For anyone who is considering adopting a Vegan diet to help the planet, here is some information you need to read.I am Vegan and I am an Environmentalist. At the moment, I am completing a degree in Environmental Studies.My decision to adopt a Vegan diet wasn't initially motivated by how my lifestyle would effect the world I live in, now and in the future, but once I looked at the statistics, it only fueled my impetus to follow a Vegan diet.
This article is taken from the vegansociety.com website.

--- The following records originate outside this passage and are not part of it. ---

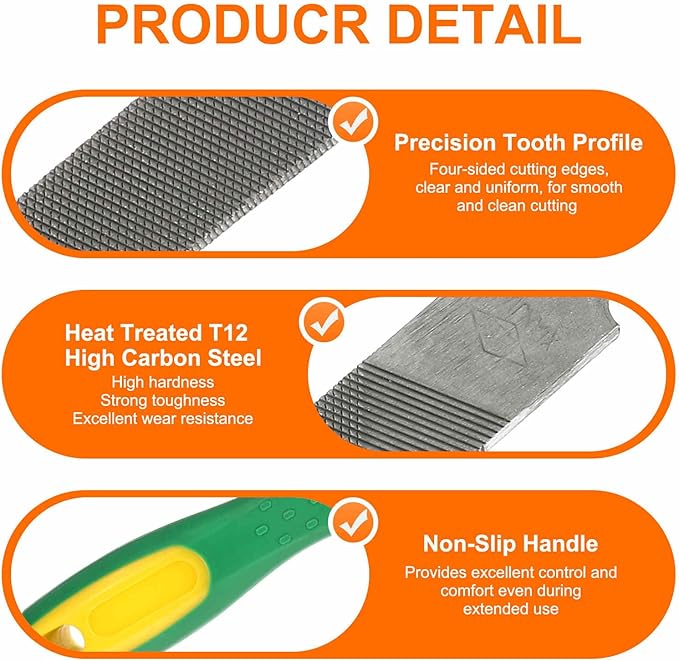 HARFINGTON Tip Thin Cut File 8" Double Cut Teeth High Carbon Steel Hand Rasp File with Plastic Handle for Metal Wood Deburring Removing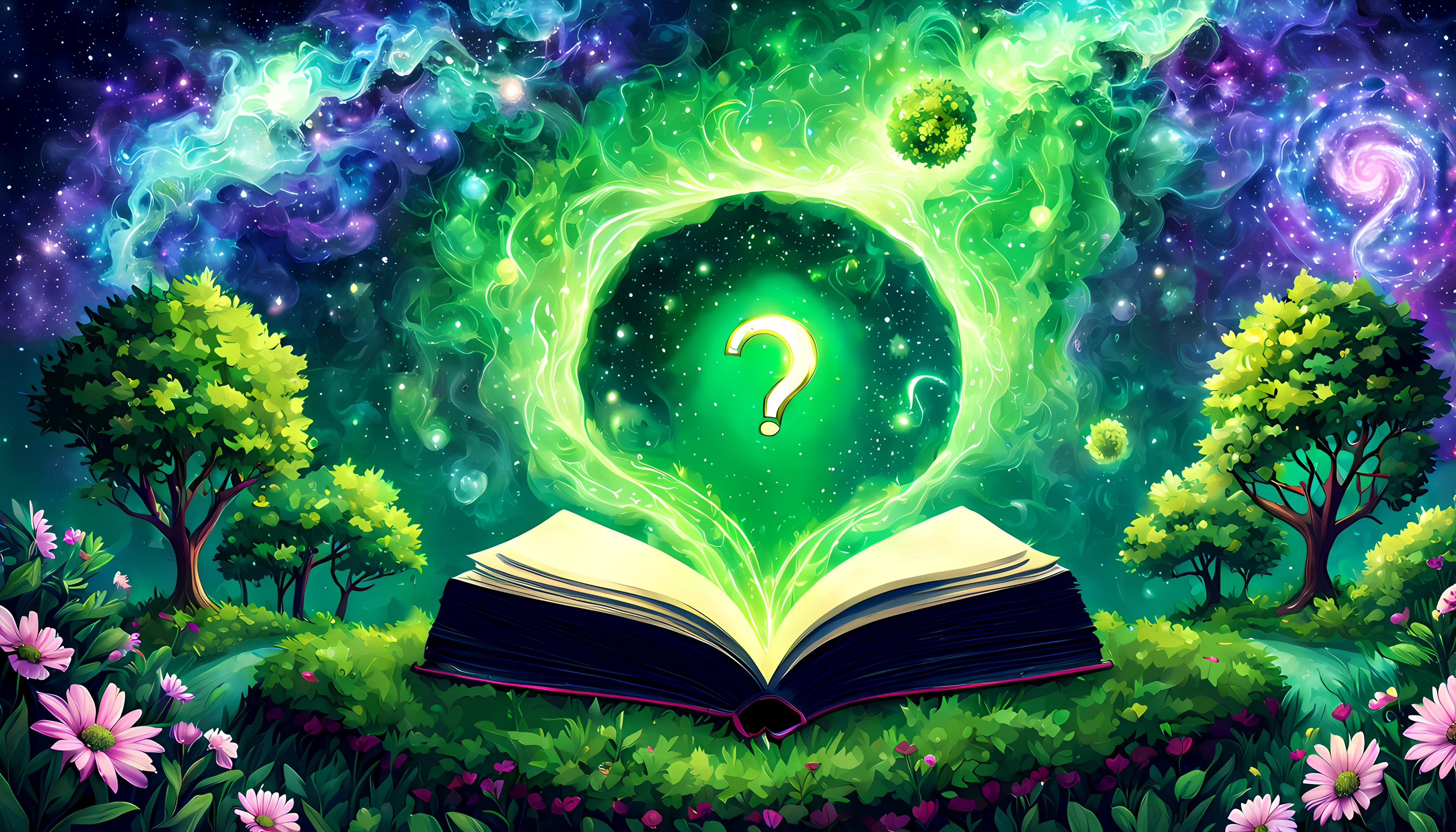 book cover, galaxy, question marks, ego, higher self, magic, transformation, no people, Cute green garden, no people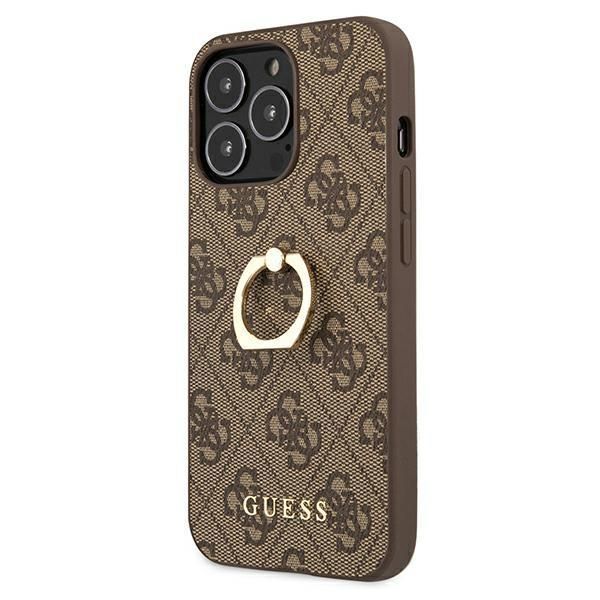 Aizmugurējais vāciņš Guess Guess GUHCP13L4GMRBR iPhone 13 Pro / 13 6.1" brown/brown hardcase 4G with ring stand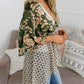 ✨Dámský kardigan s květinovým potiskem, volánkovými rukávy, na uzel, v boho stylu, ležérní a splývavý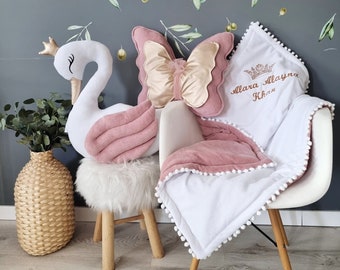 Personalized pillow set gift - princess pillow swan, butterfly, optional crib baby blanket, personalized baby gift, nursery decor blush rose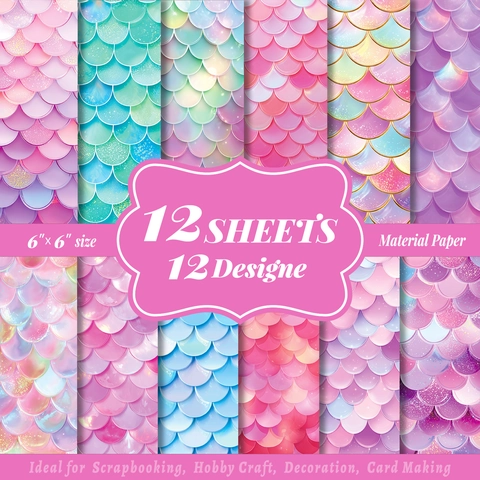 Mermaid Scale Scrapbook Paper Pad Decorative Material Paper For DIY Craft Journaling Card Making Photo Album Decoration Supplies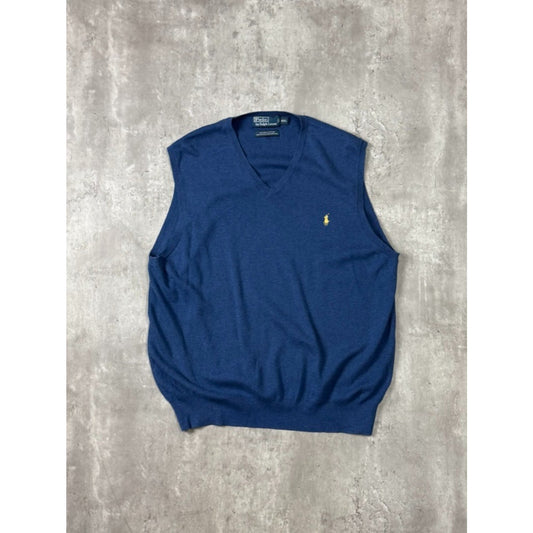 Vintage Polo Ralph Lauren Embroidered Pony Sweater Vest Size 2XL Blue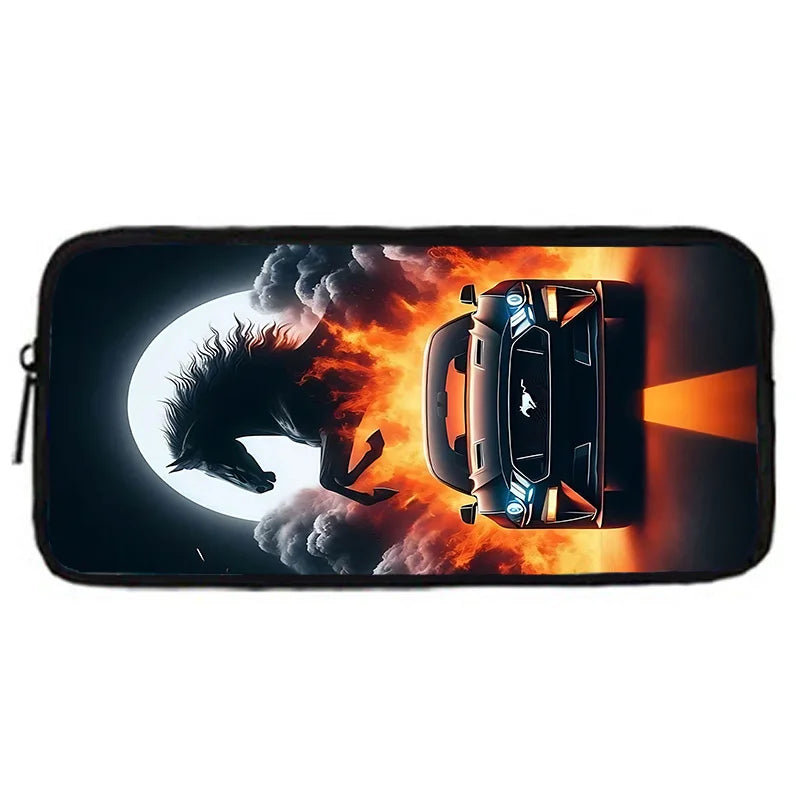 Child School Backpack with Fashion M-Mustangs car logo Lunch Bags ,Pencil Bags ,School Bags for Boys Girls Best Gift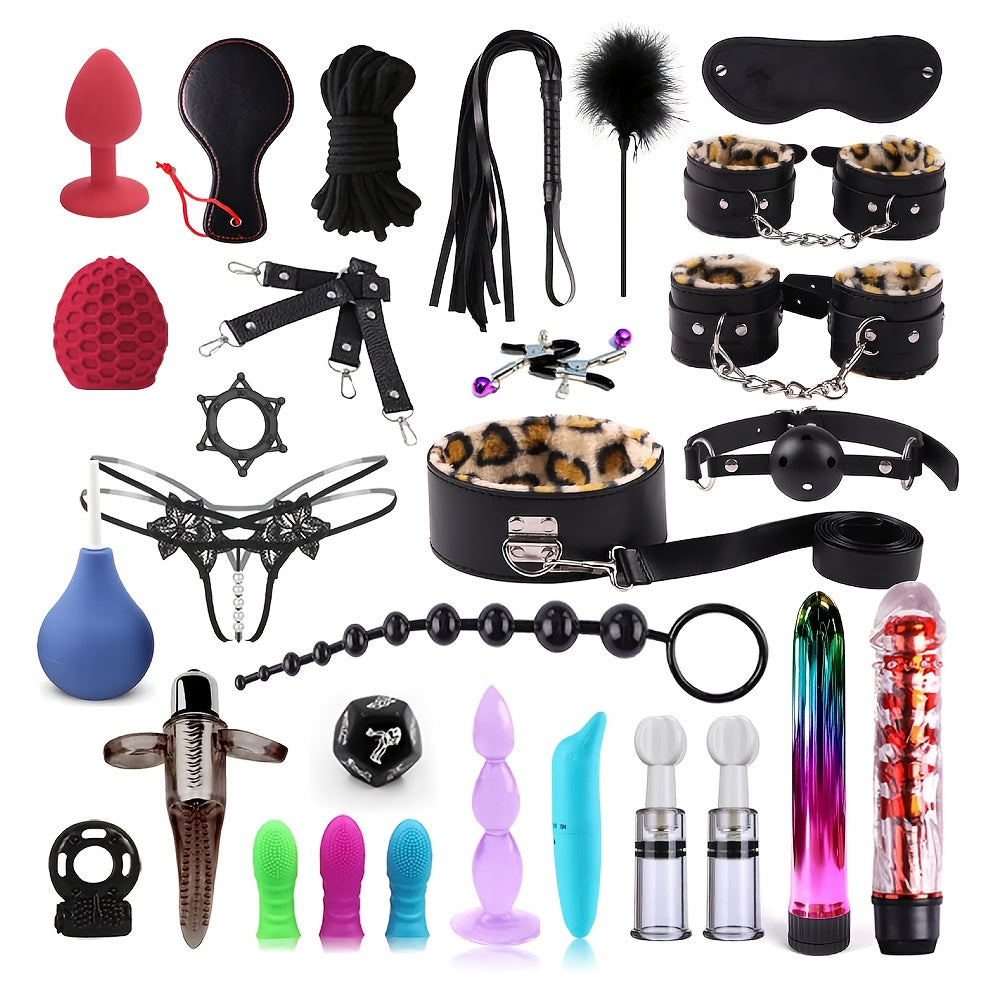 Leather Bondage Kit Restraints Set For Couples BDSM Toys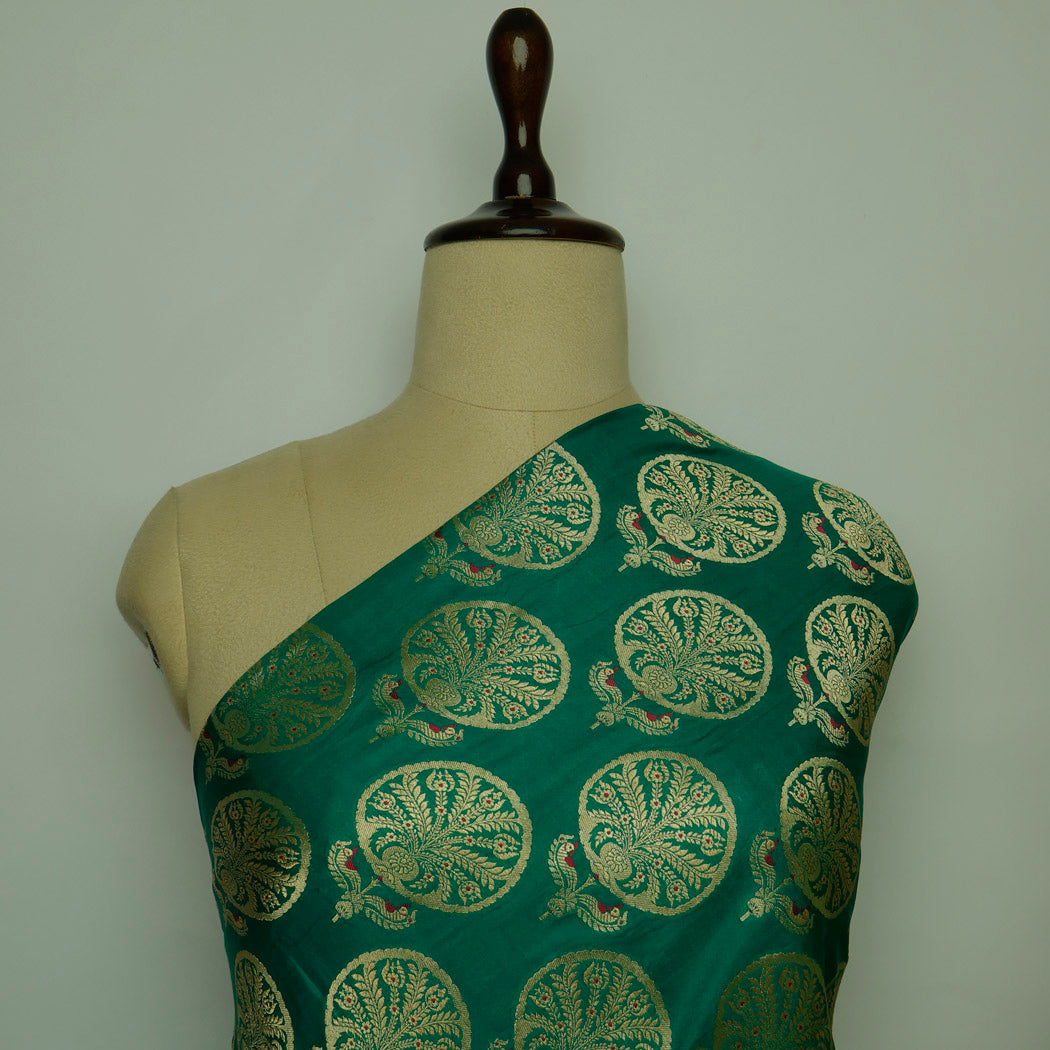 Dark Green Color Silk Fabric With Floral Chakra Motifs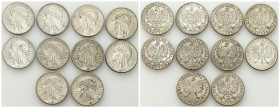 Second Polish Republic Circulation coins
POLSKA / POLAND / POLEN / POLOGNE / POLSKO

II RP. 10 zlotych 1932 Głowa Kobiety, group of 10 pieces 

M...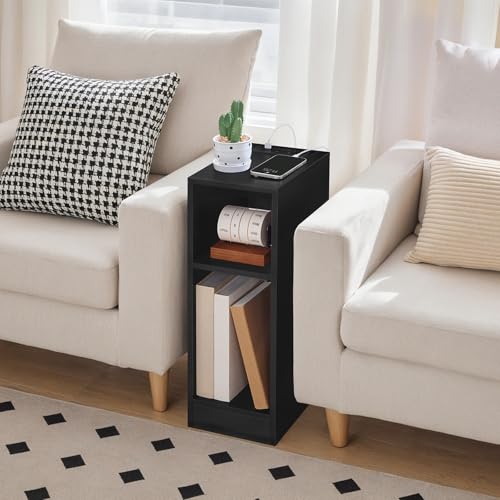 MAHANCRIS Narrow Nightstand, Narrow End Table with Charging Station, Skinny Bedside Table for Small Spaces, Mid Century Modern Night Stand for Bedroom, Living Room, Black ETBK30E01 - color: Black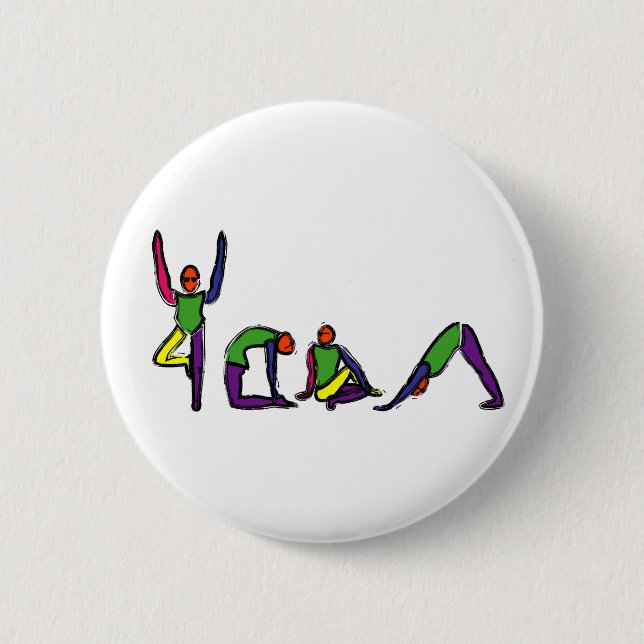 Painting of yoga poses spelling YOGA. Pinback Button (Front)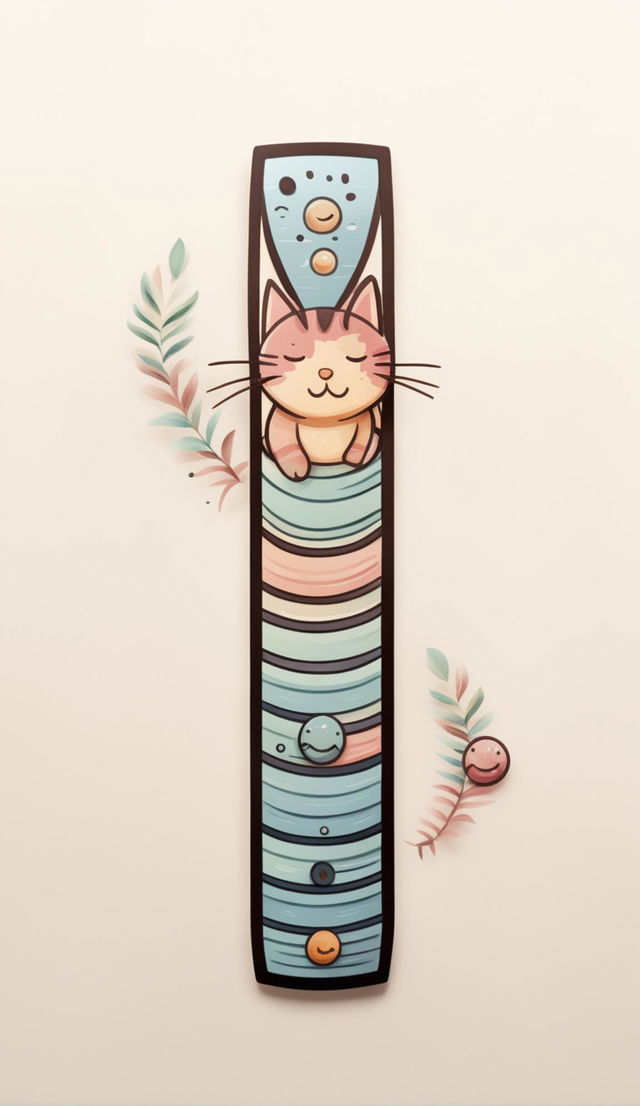 Create a narrow cat-themed bookmark with a playful and cute design, featuring an elongated cat in a friendly pose with soft colors and subtle decorative elements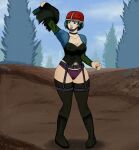 embarrassed embarrassed_underwear_female embarrassing euf goth goth_girl gwen_(tdi) multicolored_hair panties purple_panties short_hair smile total_drama total_drama_island underwear wardrobe_malfunction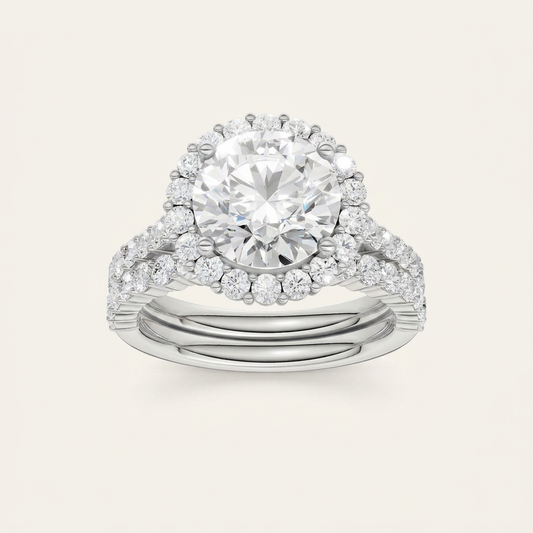 4.00CT Round Cut Lab Grown Diamond Halo Bridal Set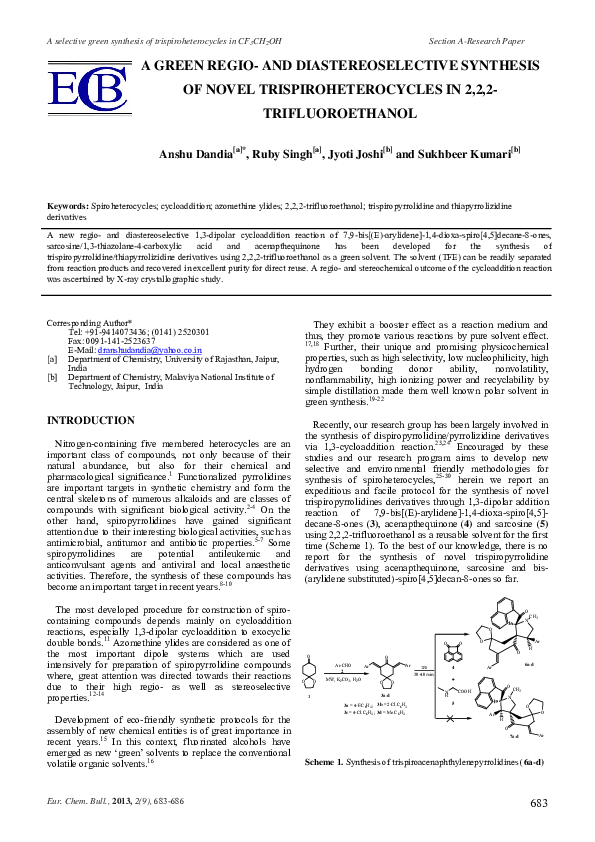 (PDF) A Green Regio- and Diastereoselective Synthesis of Novel ...
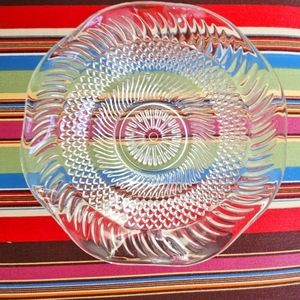 Vintage Clear Ruffled Edge 7 1/2" BowlPattern. Iris & Herringbone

How your diet could change the world
World meat production has quadrupled in the past 50 years and farmed animals now outnumber people by more than three to one.1 In other words, the livestock population is expanding faster than the human population and is projected to continue to expand as the Chinese middle classes increasingly adopt meat-centred diets and as the Western taste for meat, eggs and dairy products continues to grow (along with our waistlines).This trend will contribute to continuing malnourishment in the developing world, global warming, widespread pollution, deforestation, land degradation, water scarcity and species extinction because more animals mean more crops are needed to feed them: the planet cannot feed both increasing human and farmed animal populations.
So if we are trying to reduce our car use, limit the amount of water we waste, become more ‘energy-efficient’ and generally lessen our environmental impact, we must also examine the most important factor of our personal ecological footprint: what we eat.